The relief is tempered with frustration over the exercise, he said, and knowing that the issue is bound to resurface.
“I expect that we’ll be going down this road next year, every year, from now on,” Laing said, adding that he is already planning a comprehensive application for next summer that details for city staff the financial demands on his organization in addition to the implications of charging taxes.
“There needs to be a lot more detailed discussion with individual groups rather than having a global policy,” he said. “For us and the city, it’s an exercise in futility. There’s no political will to do this.”
Each year, municipalities can exempt land or improvements from taxation. City policy gives first priority to groups showing a working capital of $100,000 or less, and other organizations can be approved if they demonstrate financial need. All told, 25 applications were denied in September.
Ten appeals, however, came to the city as a result, many from high-profile non-profit organizations in the community: The Army Navy Air Force Veterans, the Salvation Army, the Penticton and District Community Resources Society, the B.C. SPCA, the Penticton Golf Club, Penticton Seniors Drop-In Centre Society, Penticton and District Society for Community Living, Penticton and Wine Country Chamber of Commerce, VQA Wine Information Centre and South Okanagan Similkameen Brain Injury Society.
Angela Campbell, city revenue supervisor, said Monday that the first change to be made was to include the Salvation Army, which had been “mistakenly” left out. The total levied to the Salvation Army governing council was approximated at $5,235.57.
The remaining organizations could alternately be afforded a 25 to 90 per cent allowable exemption, according to the report.
“Part of the problem is that they do not let us know what these funds are going to,” Coun. John Vassilaki said, adding he feels assured the balance is meant to cover the non-profits’ payments.
Campbell said that she did consider organizations that provided statements with caveats that stipulated what contractual obligations were to be paid.

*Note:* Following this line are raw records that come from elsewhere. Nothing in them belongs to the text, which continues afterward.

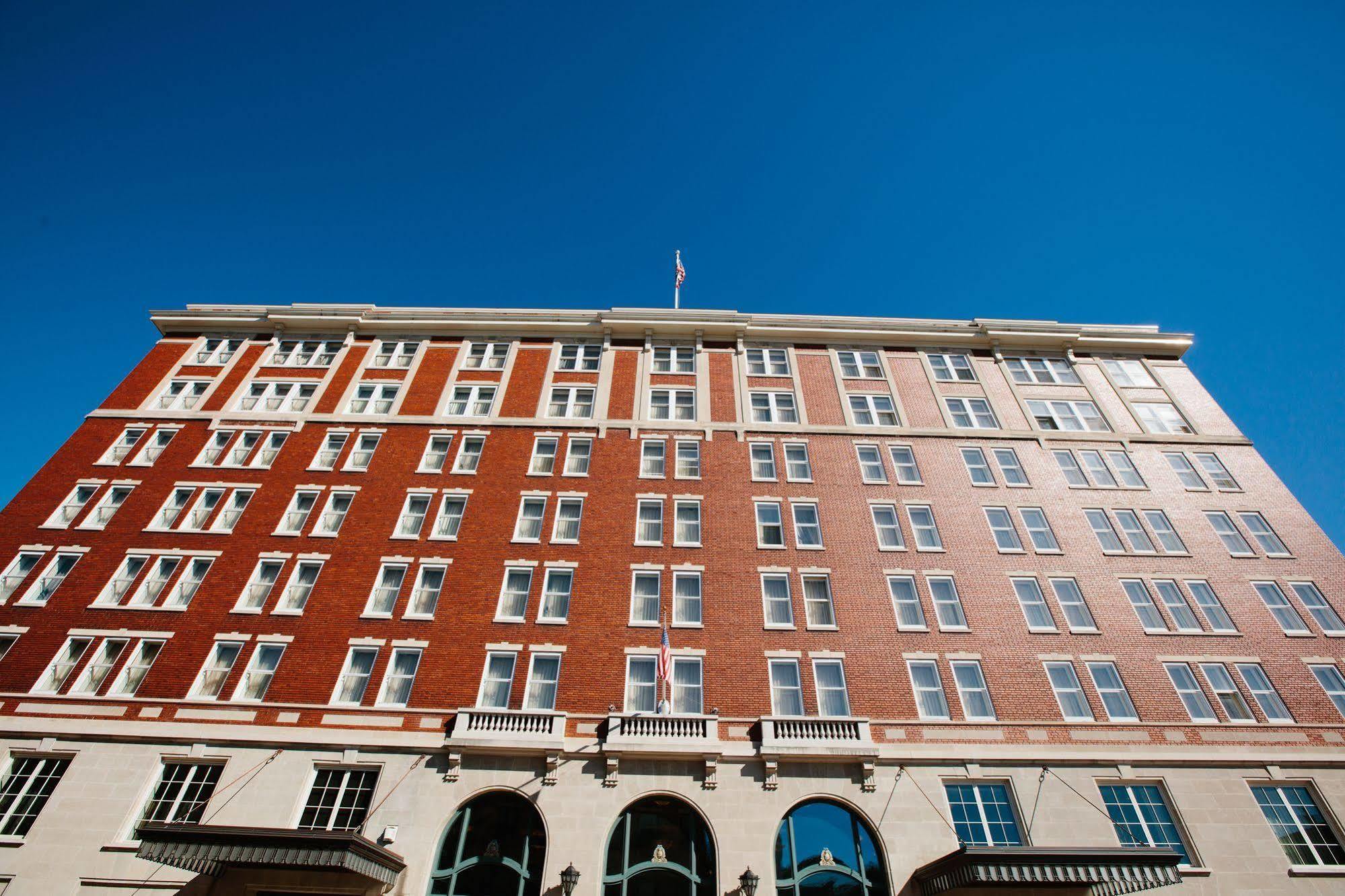 Hotel Julien Dubuque Eksteriør bilde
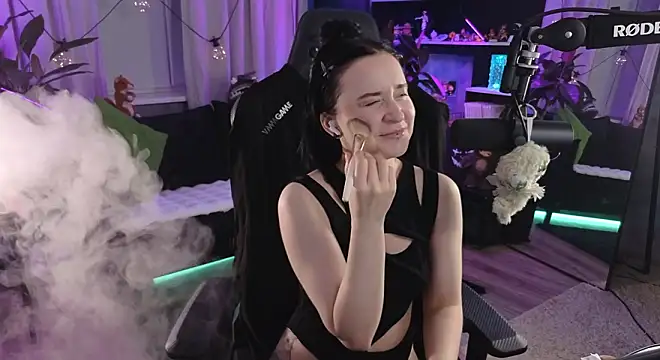 KiraLiLime online show from 03/21/26, 06:45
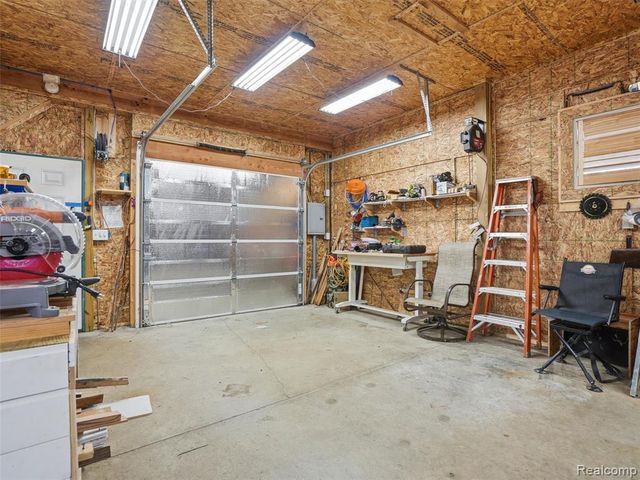 11371 Runyan Lake Road, Fenton, MI 48430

“These are organizations where grants come and go,” Mayor Dan Ashton said, adding that charging organizations tax when they’re about to meet contractual obligations unduly penalizes them.
Ashton said the city has “to be a little more forthcoming” in dealing with organizations, to ensure decisions are communicated clearly and the requirements for tax exemptions are made clear.
“Times are very tough and are very tough right now, and without these organizations, it would be worse. I’m having great misgivings with this at this point in time,” he said, noting in future he’d like to see staff “working in solidarity with these agencies to make it more palatable” to go through the process.
The vote was not unanimous, however, with councillors Mike Pearce and Andrew Jakubeit voting against the motion.
Jakubeit said Tuesday given other Okanagan municipalities don’t offer permissive tax exemptions, he would have preferred to share a portion of the tax burden with non-profits.
“I kind of thought we could have staggered it a bit and given them a 90 per cent exemption. That 10 per cent wouldn’t have been a burden,” he said. “Some of these business operations fund the good work that they do. It’s a delicate question.”
Pearce said Tuesday he was hoping for a compromise in the range of 25 per cent.
“There isn’t a group in the world that isn’t meritorious, and I recognize that,” he said, adding that Kelowna gives less in terms of tax exemptions. “The issue becomes how much the general taxpayer has to give up to these groups.”
Laing, however, said the city shouldn’t compare itself to other communities.
“Two wrongs don’t make a right. Just because the other cities are putting the squeeze on the non-profits, doesn’t mean Penticton should,” he said, adding that budget shortfalls can’t be made up from a half-dozen organizations in town.